Take the material below and reproduce, word for word, only the lines from the line with "New 2026 Chevrolet Equinox EV RS image 3" through the line with "раушандары мен статиканың моно букет".

Exercise material:
________________________

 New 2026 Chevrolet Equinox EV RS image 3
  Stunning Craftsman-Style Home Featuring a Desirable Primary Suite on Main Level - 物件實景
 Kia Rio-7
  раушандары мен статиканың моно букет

________________________

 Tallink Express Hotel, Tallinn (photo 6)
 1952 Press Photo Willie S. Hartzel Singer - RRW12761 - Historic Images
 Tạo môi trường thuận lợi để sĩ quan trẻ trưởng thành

________________________

Response to this task:
 New 2026 Chevrolet Equinox EV RS image 3
  Stunning Craftsman-Style Home Featuring a Desirable Primary Suite on Main Level - 物件實景
 Kia Rio-7
  раушандары мен статиканың моно букет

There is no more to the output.